_What the task asks:_
Reproduce the full listing below unchanged, apart from the pictures.

[Start of Attachment]

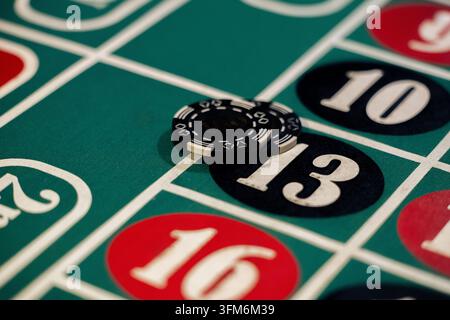 Casinoscheiben liegen auf der Glückszahl dreizehn auf grünem Roulettetisch. Gestapelte Jetons bedecken das Feld unter hellem Licht. Stockfoto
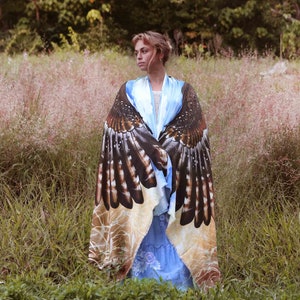 May include: A woman wearing a blue and white dress with a large, printed shawl featuring a hawk design. The shawl is brown, black, and white with a detailed pattern of feathers. The woman is standing in a field of tall grass.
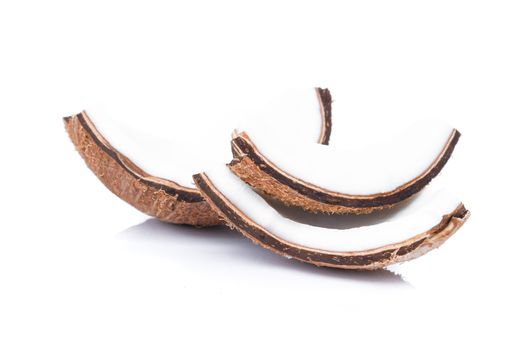 Pieces of coconut shell broken into pieces and stacked on white background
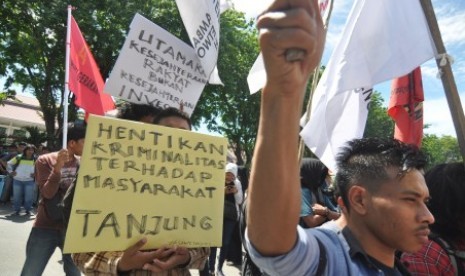 Sejumlah pengunjuk rasa yang tergabung dalam Front Solidaritas Untuk Masyarakat Tanjung membawa poster saat berunjuk rasa di Depan Mapolda Sulawesi Tengah di Palu, Selasa (20/3). Aksi ratusan pengunjuk rasa itu memprotes eksekusi lahan di Tanjung Sari, Kelurahan Karaton, Kecamatan Luwuk, Kabupaten Banggai, Sulawesi Tengah. 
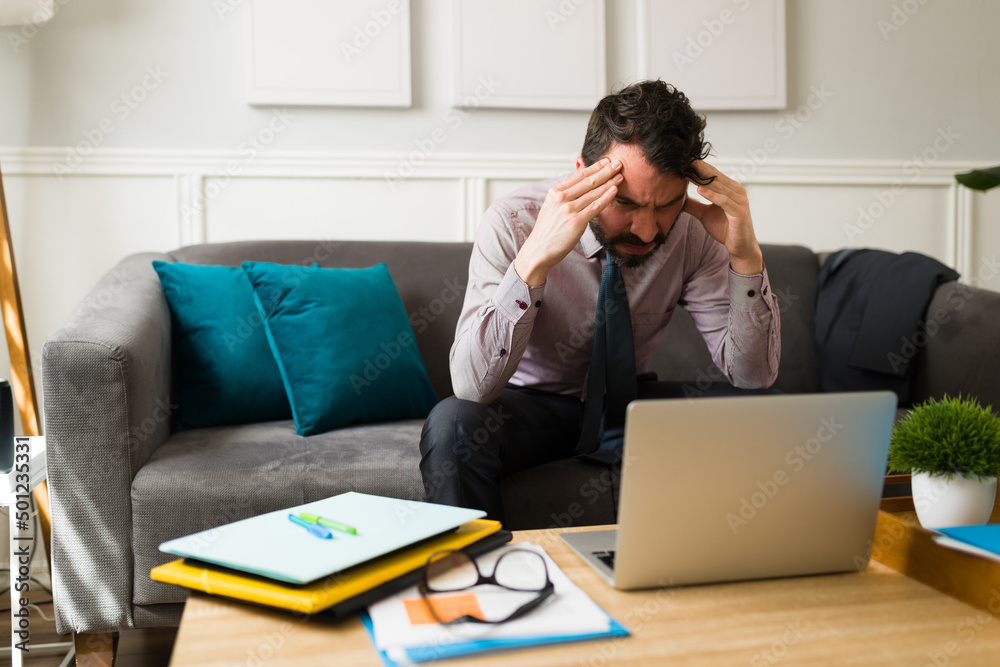 Exhausted man trying to solve work problems Exhausted man trying to solve work problems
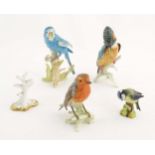 Four assorted models of birds to include a Goebel model of a Budgerigar, no. 3851218, a Goebel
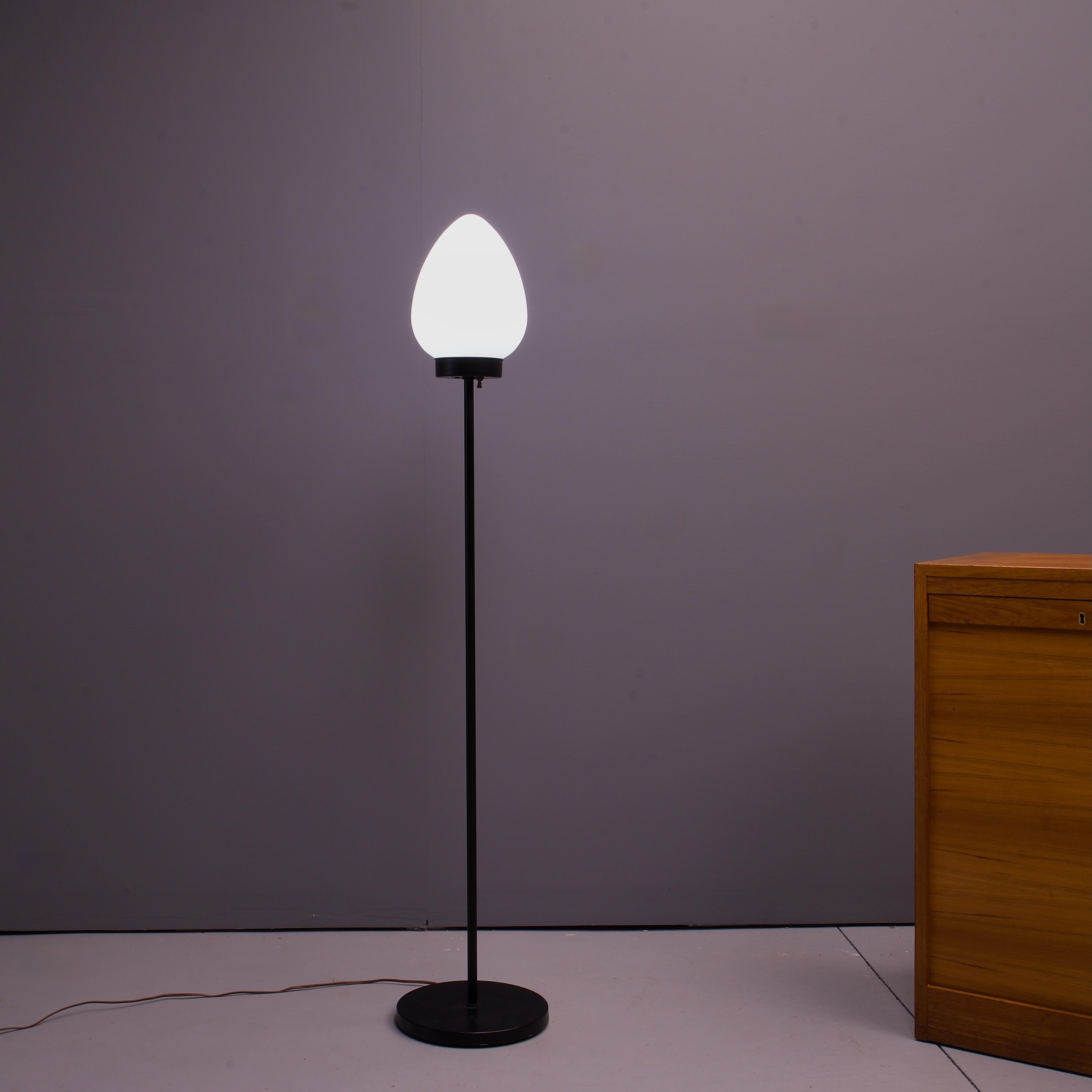 Takes a normal screw in e26 bulb, US electric plug in, and has a three stage brightness switch.  So use a three stage bulb for best results. Attributed design or at least the manufacturing to the Laurel Lamp Company. Small dent to base, pictured. No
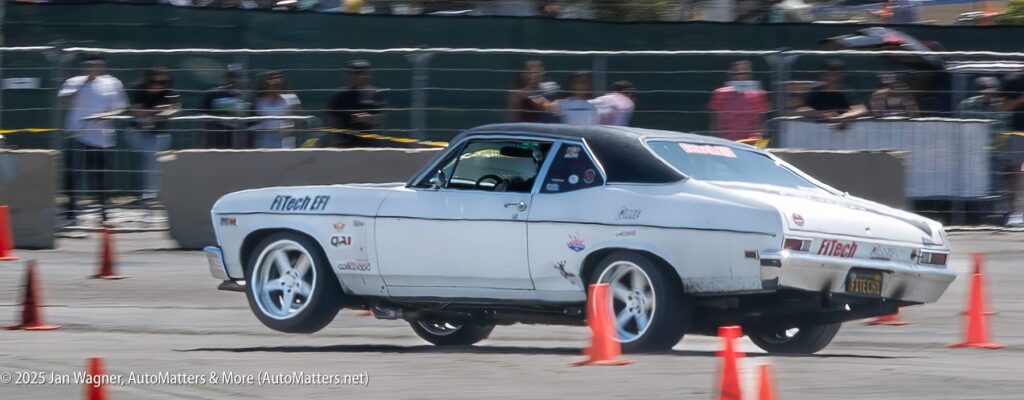 A white classic muscle car with racing stickers drifts around orange cones at an outdoor event, with spectators watching behind a barrier.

[End of Attachment]

_Result for this task:_
 Casinoscheiben liegen auf der Glückszahl dreizehn auf grünem Roulettetisch. Gestapelte Jetons bedecken das Feld unter hellem Licht. Stockfoto
 May include: A woman wearing a blue and white dress with a large, printed shawl featuring a hawk design. The shawl is brown, black, and white with a detailed pattern of feathers. The woman is standing in a field of tall grass.
 Pieces of coconut shell broken into pieces and stacked on white background
 Sejumlah pengunjuk rasa yang tergabung dalam Front Solidaritas Untuk Masyarakat Tanjung membawa poster saat berunjuk rasa di Depan Mapolda Sulawesi Tengah di Palu, Selasa (20/3). Aksi ratusan pengunjuk rasa itu memprotes eksekusi lahan di Tanjung Sari, Kelurahan Karaton, Kecamatan Luwuk, Kabupaten Banggai, Sulawesi Tengah. 
 Exhausted man trying to solve work problems Exhausted man trying to solve work problems
 Four assorted models of birds to include a Goebel model of a Budgerigar, no. 3851218, a Goebel
 Takes a normal screw in e26 bulb, US electric plug in, and has a three stage brightness switch.  So use a three stage bulb for best results. Attributed design or at least the manufacturing to the Laurel Lamp Company. Small dent to base, pictured. No
 A white classic muscle car with racing stickers drifts around orange cones at an outdoor event, with spectators watching behind a barrier.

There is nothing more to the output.